Toyota and Lexus have sold 15 MILLION hybrids

By topgear, 04 May 2020

Back in 1997 Toyota released a car called the Prius. You might have heard of it. The little four-door saloon didn’t look like anything special, in fact it looked really quite tedious, but it was a Very Important Thing – the world’s first mass-produced hybrid car.

It was successful. Its successor was successful, and so was its successor’s successor’s successor. Just how, ahem, successful? It took Toyota 12 years, until August 2009, to sell 2 million hybrids. By March 2013 it’d ‘only’ shifted 5 million. The 10 million-mark was reached in 2017. As of January this year, though, Toyota has sold 15 MILLION hybrids. That’s… a lot.

The company’s hybrid tech is principally the same today as it was in 1997, though of course the system has been refined and developed over the years. And fitted to more and more cars, from family hatchbacks to luxury SUVs, sports cars like the Lexus LC to limousines.

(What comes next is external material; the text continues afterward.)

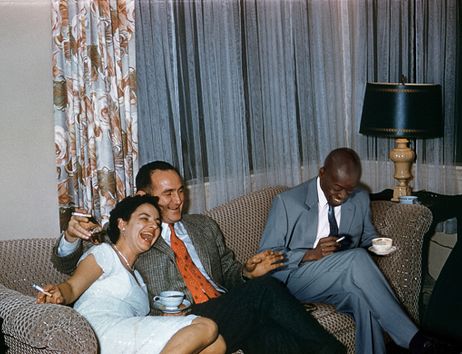 Drei Personen sitzen lachend auf einem Sofa, zwei halten Tassen, eine Person raucht. Im Hintergrund sind Vorhänge und eine Lampe zu sehen.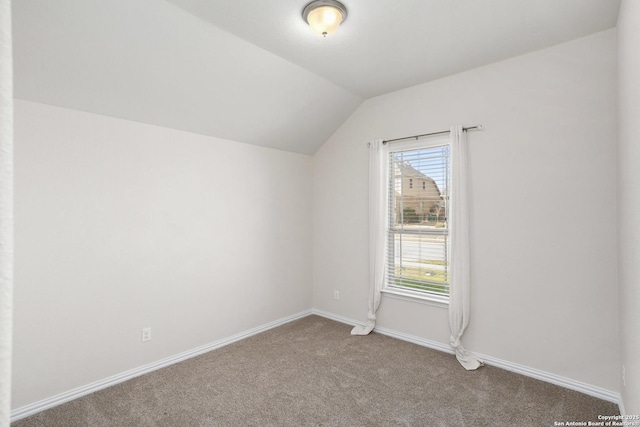 bonus room with carpet floors, lofted ceiling, and baseboards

More than 2.8 million of those 15 million hybrids live in Europe. Last year, 52 per cent of Toyotas and Lexus sold here were hybrids, or 63 per cent in Western Europe. Handy, given the EU’s emissions regulations are among the tightest in the world.

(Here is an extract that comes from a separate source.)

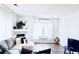 Spacious living room with L-shaped sofa and fireplace at 14700 E 104Th Ave # 2605, Commerce City, CO 80022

We may not be observing similar numbers here, but let's not forget the Prius still sold in relatively decent numbers in Malaysia alongside its cut-price namesake, the Prius C. However, UMW Toyota's most recent electrified Toyota remains the previous-generation Camry Hybrid that went virtually uncontested in the D-segment where its powertrain is concerned. 

Lexus was similarly experimental in this area, with the CT200h finding many Malaysian homes before less successful attempts in the form of the ES300h and the LS500h - the latter's failure to capture S-Class-like audiences undoubtedly attributed to its stratospheric RM1.5m price tag. 

Do you think Toyota and Lexus should have another go at hybrids here? Or will the electric revolution get delayed by another decade due to current oil prices?